#### [Activity]
Among the entries below, which lines run from the line with "Kız Çocuk Taş" through the line with "Complete SAXOPHONE CREMATION"? Retype those, both ends included, exactly and without pictures.

#### [Record set]
·····

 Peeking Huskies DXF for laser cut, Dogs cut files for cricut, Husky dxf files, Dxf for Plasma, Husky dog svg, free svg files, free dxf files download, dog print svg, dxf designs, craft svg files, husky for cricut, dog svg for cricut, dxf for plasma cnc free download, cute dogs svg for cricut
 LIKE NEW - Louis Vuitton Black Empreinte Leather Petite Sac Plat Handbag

·····

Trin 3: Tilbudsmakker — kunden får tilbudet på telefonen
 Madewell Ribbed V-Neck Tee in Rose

·····

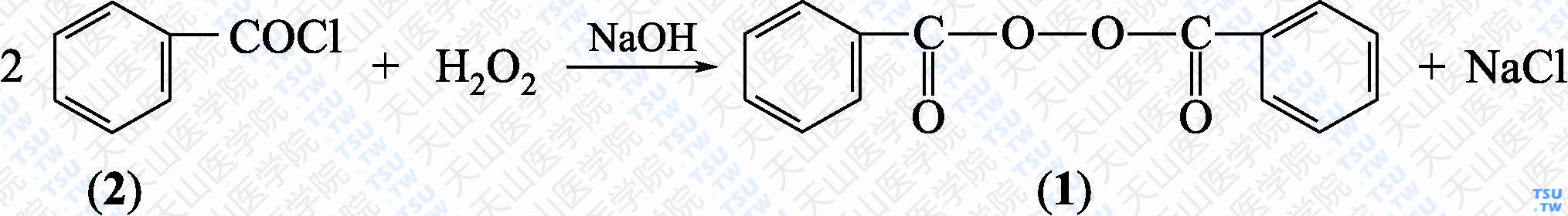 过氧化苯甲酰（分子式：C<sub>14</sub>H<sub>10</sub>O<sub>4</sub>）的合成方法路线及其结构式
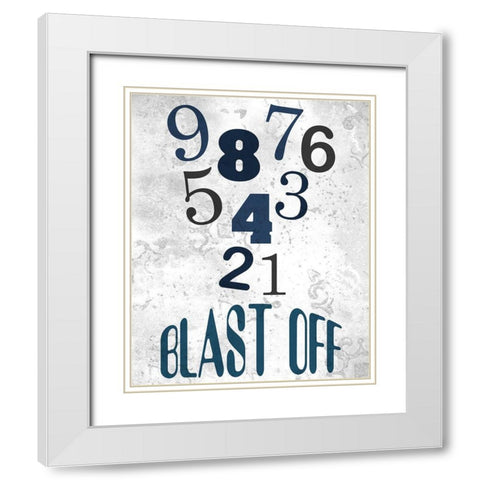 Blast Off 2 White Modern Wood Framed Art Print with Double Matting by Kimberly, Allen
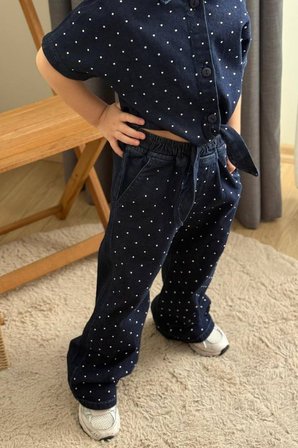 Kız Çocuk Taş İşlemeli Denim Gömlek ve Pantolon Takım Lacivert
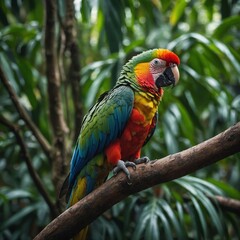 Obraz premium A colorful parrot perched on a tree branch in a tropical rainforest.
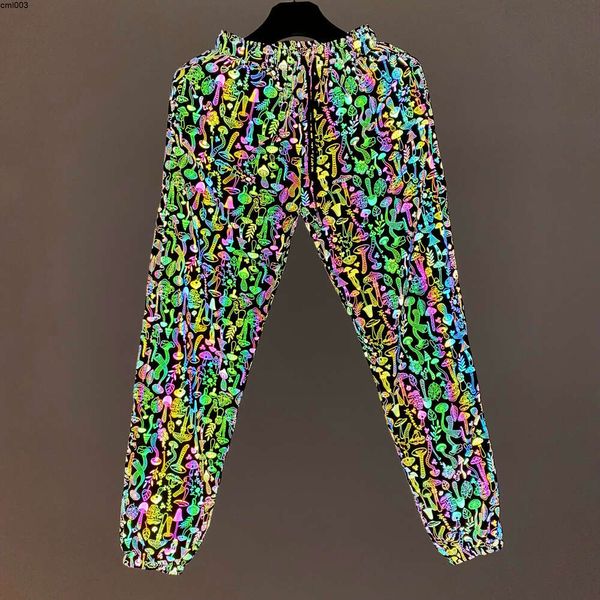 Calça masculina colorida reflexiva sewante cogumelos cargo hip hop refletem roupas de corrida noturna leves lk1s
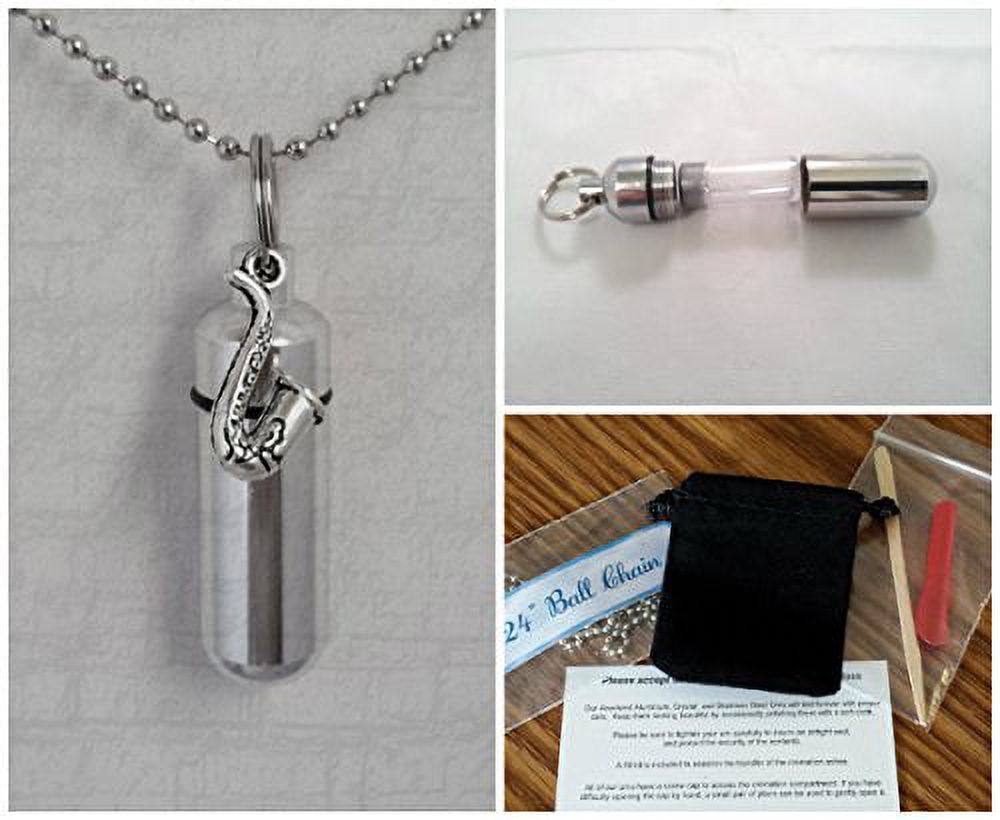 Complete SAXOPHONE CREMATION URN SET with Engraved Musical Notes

·····

#### [Task solution]
 Kız Çocuk Taş İşlemeli Denim Gömlek ve Pantolon Takım Lacivert
 Obraz premium A colorful parrot perched on a tree branch in a tropical rainforest.
 Calça masculina colorida reflexiva sewante cogumelos cargo hip hop refletem roupas de corrida noturna leves lk1s
 Complete SAXOPHONE CREMATION URN SET with Engraved Musical Notes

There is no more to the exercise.